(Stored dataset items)

BEGIN

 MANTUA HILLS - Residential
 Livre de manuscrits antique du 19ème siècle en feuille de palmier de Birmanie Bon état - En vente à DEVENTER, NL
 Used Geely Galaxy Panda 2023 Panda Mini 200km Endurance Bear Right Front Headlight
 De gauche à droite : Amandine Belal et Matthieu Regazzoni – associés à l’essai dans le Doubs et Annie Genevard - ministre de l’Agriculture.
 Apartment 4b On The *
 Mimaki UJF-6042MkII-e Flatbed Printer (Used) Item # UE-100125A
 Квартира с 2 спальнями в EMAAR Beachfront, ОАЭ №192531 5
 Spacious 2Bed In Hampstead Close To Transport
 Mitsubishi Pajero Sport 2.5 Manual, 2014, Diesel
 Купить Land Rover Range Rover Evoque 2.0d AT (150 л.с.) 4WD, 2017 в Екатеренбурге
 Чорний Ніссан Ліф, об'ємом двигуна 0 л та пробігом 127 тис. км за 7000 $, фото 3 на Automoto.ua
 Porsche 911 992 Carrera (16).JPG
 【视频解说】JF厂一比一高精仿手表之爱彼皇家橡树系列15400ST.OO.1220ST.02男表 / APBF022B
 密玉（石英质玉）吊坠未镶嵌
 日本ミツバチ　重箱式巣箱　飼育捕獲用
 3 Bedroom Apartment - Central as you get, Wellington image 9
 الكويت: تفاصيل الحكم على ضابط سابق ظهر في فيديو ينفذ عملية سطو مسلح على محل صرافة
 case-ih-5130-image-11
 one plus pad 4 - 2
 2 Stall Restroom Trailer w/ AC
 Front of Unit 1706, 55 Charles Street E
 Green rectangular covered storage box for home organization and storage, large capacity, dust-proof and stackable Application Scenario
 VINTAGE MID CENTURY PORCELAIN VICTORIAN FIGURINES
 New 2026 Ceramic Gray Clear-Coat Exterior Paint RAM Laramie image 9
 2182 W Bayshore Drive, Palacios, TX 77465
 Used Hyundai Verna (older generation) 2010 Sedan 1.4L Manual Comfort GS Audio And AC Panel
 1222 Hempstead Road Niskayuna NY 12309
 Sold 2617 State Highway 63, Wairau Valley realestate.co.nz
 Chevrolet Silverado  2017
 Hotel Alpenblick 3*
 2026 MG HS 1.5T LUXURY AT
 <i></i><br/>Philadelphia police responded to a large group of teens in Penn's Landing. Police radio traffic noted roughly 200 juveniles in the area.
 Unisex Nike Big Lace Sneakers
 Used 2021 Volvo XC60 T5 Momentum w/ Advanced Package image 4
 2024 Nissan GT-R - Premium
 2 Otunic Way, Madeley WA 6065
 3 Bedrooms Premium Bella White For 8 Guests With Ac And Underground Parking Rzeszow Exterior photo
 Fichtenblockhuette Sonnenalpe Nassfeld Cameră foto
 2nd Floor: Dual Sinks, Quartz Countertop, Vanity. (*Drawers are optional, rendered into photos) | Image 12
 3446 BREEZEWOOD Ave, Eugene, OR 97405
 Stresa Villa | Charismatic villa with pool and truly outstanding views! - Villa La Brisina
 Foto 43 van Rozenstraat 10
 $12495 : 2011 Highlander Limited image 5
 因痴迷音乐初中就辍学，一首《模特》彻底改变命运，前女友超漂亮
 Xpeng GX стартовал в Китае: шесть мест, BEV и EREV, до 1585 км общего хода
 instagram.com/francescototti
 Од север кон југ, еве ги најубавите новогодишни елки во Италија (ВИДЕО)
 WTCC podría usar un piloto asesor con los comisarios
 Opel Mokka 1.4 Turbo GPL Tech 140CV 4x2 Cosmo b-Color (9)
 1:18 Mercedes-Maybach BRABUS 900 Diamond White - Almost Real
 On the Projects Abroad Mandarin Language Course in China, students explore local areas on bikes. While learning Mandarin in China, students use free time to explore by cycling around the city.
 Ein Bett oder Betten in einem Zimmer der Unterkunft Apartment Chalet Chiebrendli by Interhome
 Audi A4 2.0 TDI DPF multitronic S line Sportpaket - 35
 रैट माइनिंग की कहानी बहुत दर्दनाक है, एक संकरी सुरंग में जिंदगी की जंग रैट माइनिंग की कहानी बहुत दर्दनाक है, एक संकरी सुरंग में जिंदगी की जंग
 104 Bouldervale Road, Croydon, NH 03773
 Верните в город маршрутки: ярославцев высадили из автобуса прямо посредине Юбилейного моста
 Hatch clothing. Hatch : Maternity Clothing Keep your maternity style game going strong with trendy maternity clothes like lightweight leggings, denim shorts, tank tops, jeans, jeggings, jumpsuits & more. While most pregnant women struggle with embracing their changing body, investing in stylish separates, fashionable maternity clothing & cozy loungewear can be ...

END

**What needs to be done**.
Your answer consists solely of the lines from the top of the records above through the line that contains "3 Bedroom Apartment", each echoed exactly.

**Answer section**.
 MANTUA HILLS - Residential
 Livre de manuscrits antique du 19ème siècle en feuille de palmier de Birmanie Bon état - En vente à DEVENTER, NL
 Used Geely Galaxy Panda 2023 Panda Mini 200km Endurance Bear Right Front Headlight
 De gauche à droite : Amandine Belal et Matthieu Regazzoni – associés à l’essai dans le Doubs et Annie Genevard - ministre de l’Agriculture.
 Apartment 4b On The *
 Mimaki UJF-6042MkII-e Flatbed Printer (Used) Item # UE-100125A
 Квартира с 2 спальнями в EMAAR Beachfront, ОАЭ №192531 5
 Spacious 2Bed In Hampstead Close To Transport
 Mitsubishi Pajero Sport 2.5 Manual, 2014, Diesel
 Купить Land Rover Range Rover Evoque 2.0d AT (150 л.с.) 4WD, 2017 в Екатеренбурге
 Чорний Ніссан Ліф, об'ємом двигуна 0 л та пробігом 127 тис. км за 7000 $, фото 3 на Automoto.ua
 Porsche 911 992 Carrera (16).JPG
 【视频解说】JF厂一比一高精仿手表之爱彼皇家橡树系列15400ST.OO.1220ST.02男表 / APBF022B
 密玉（石英质玉）吊坠未镶嵌
 日本ミツバチ　重箱式巣箱　飼育捕獲用
 3 Bedroom Apartment - Central as you get, Wellington image 9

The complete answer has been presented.